All of my work leading up to that vote proved fruitful.  I had spent the entire winter and spring organizing over twenty legislative house meetings between constituents, state representatives and state senators where constituents explained the importance of marriage equality in their own lives. The meetings greatly impacted the legislators’ votes in Judiciary Committee. Further, the entire marriage equality movement in the United States was waiting to see if Connecticut would become the second state to win an affirmative vote on the bill in the legislature.

As the roll call came in, I frantically wrote down the results.  With tremendous pride, I could not believe my eyes as I reviewed the tally: “yea” 27, “nay” 15.  The Connecticut State Legislature Judiciary Committee passed H.B. 7395 by a solid margin[1].

Around that same time I had another moment to reflect on this fight – the same fight fought by my parents and the couple in Loving.  The Connecticut Supreme Court heard oral arguments in the marriage equality case of Kerrigan & Mock v. CT Department of Public Health.   I was there for the argument and watched the plaintiffs’ attorney Ben Klein argue that the denial of marriage equality fails to provide Connecticut citizens with equal treatment. As I listened to his eloquent constitutional references, my thoughts were mixed.  I was angry that this battle was still being waged, but glad that I live in a time and place where I can openly fight against such injustices and inequality.

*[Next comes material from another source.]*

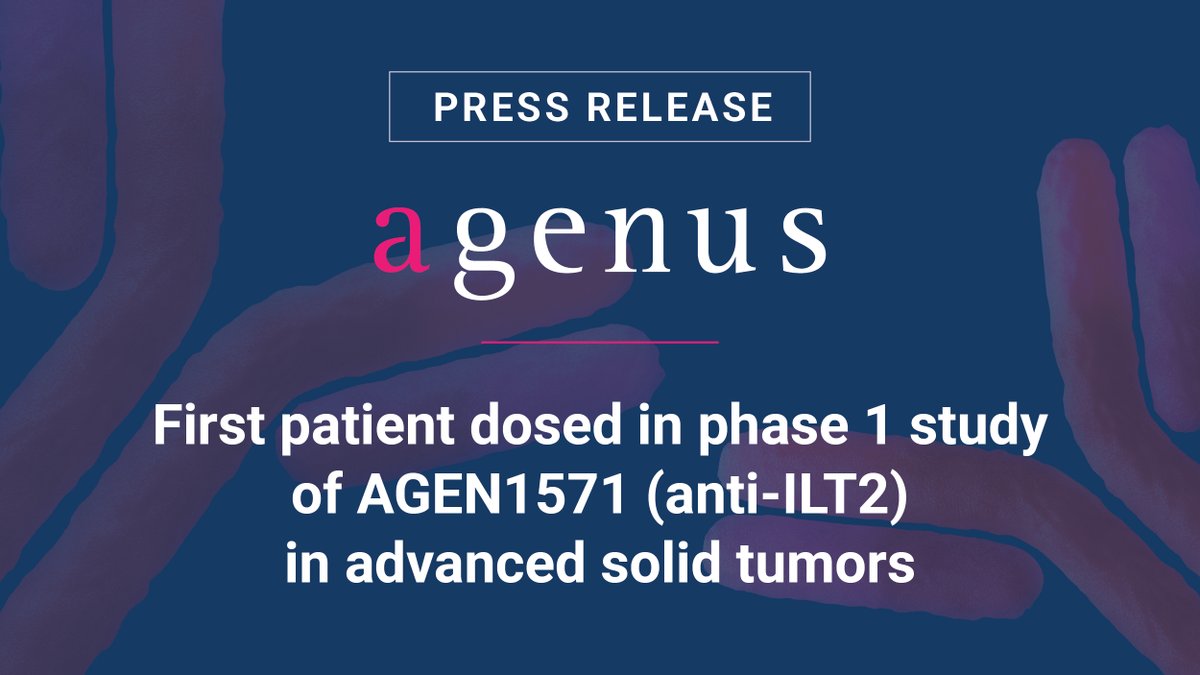 Agenus Announces First Patient Dosed in Phase 1 Study of AGEN1571 (anti-ILT2) in Advanced Solid Tumors investor.agenusbio.com/news-releases/…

As for the current state of my parents’ plight, today in India the caste system has been banned per the Indian Constitution.  Although the caste system still unofficially exists, many people are straying from it.  As for interracial couples, there are still parts of the United States where interracial marriages are discouraged, but interracial marriage is no longer illegal.  In regards to the GLBT community, Massachusetts is the only state to provide marriage equality, but many states are awarding various levels of rights and protections for gay, lesbian, bisexual, and transgender individuals.

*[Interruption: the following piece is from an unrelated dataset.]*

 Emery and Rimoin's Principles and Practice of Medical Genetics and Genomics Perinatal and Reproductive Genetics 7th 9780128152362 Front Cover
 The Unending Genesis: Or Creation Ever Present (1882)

A legal education will allow me to be a more effective component of this campaign in the state.  The movement is very active in Connecticut and my previous organizing and legislative work will be a particularly useful asset in making more headway; I am very drawn to such potential. As I have explained elsewhere in this application package, I have withstood many personal and financial obstacles on my way to law school. I have a voice, the ability to reason with a blend of passion and respect, and I know that I can make a great contribution both in the classroom and, later, in my career.

I cannot change all of society’s views or the law overnight, but I can be a part of the steps towards such change, just as my parents and the Lovings have been.

One wedding picture at a time.







[1] Although history was made that day, the bill did not progress further.